Every time that happens, I picture some poor ensign who desperately needs to get somewhere just waiting by the turbolift as Deanna and Picard have a heart-to-heart for 5 minutes.
There was on the original Enterprise. The idea was that the doors to them would automatically open if there was a failure to the turbolift system and would otherwise be closed.
I forgot about that line. The one time someone complains. How often did Picard have to wait for a turbolift because, say, Riker and Geordi are having a conversation in one?

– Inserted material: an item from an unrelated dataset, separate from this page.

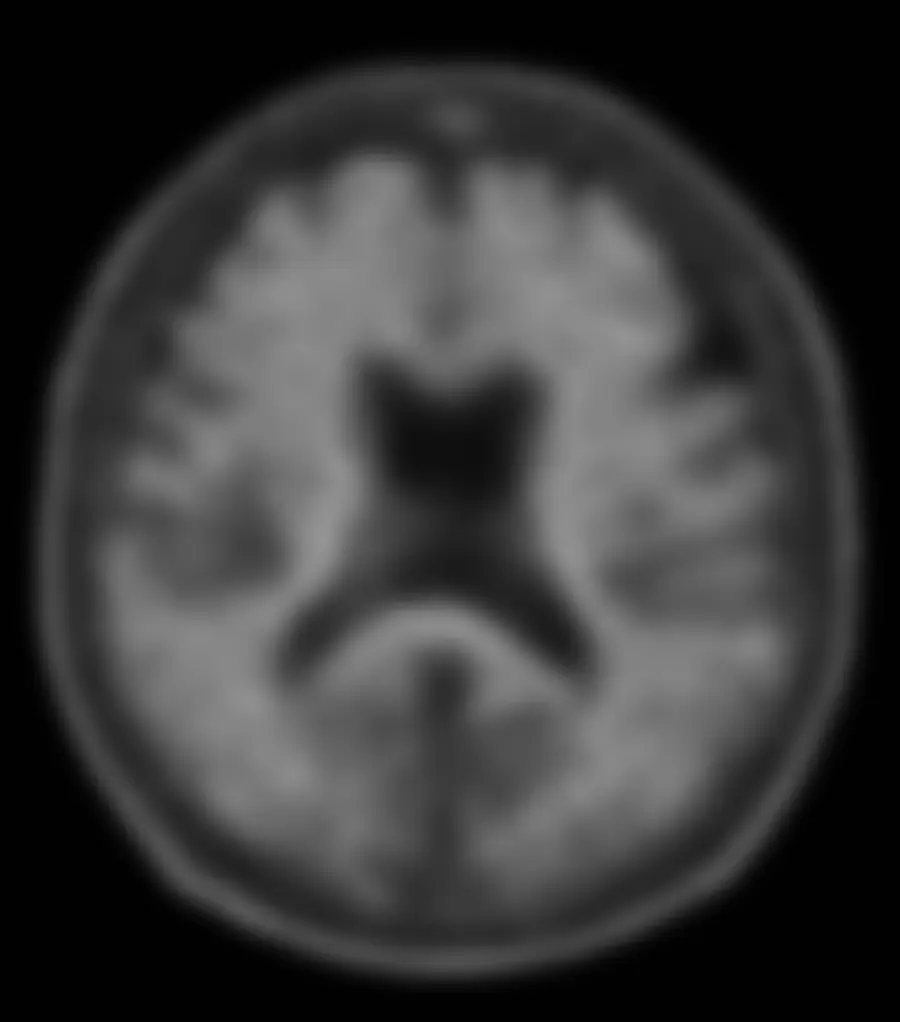 사진 : 환자 PET 영상 화면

It should be explained at this point that modern elevators are strange and complex entities. The ancient electric winch and maximum capacity eight persons jobs bear as much relation to a Sirius Cybernetic Corporation ‘Happy Vertical People Transporter’, as a packet of peanuts does to the entire West Wing of the Sirian State Mental Hospital. This is because they operate on the unlikely principle of defocused temporal perception - a curious system which enables the elevator to be on the right floor to pick you up even before you knew you wanted it, thus eliminating all the tedious chatting, relaxing, and making friends that people were previously forced to do whilst waiting for elevators. Not unnaturally, many lifts imbued with intelligence and precognition became terribly frustrated with the mindless business of going up or down, experimented briefly with the notion of going sideways - as a sort of existential protest - demanded participation in the decision making process, and, finally, took to sulking in basements. At this point a man called Gardrilla Manceframe rediscovered and patented a device he had seen in a history book called a staircase. It has been calculated that his most recent tax bill paid for the social security of five thousand redundant Sirius Cybernetics Workers, the hospitalisation of a hundred Sirius Cybernetics Executives, and the psychiatric treatment of over seventeen-and-a-half-thousand neurotic lifts.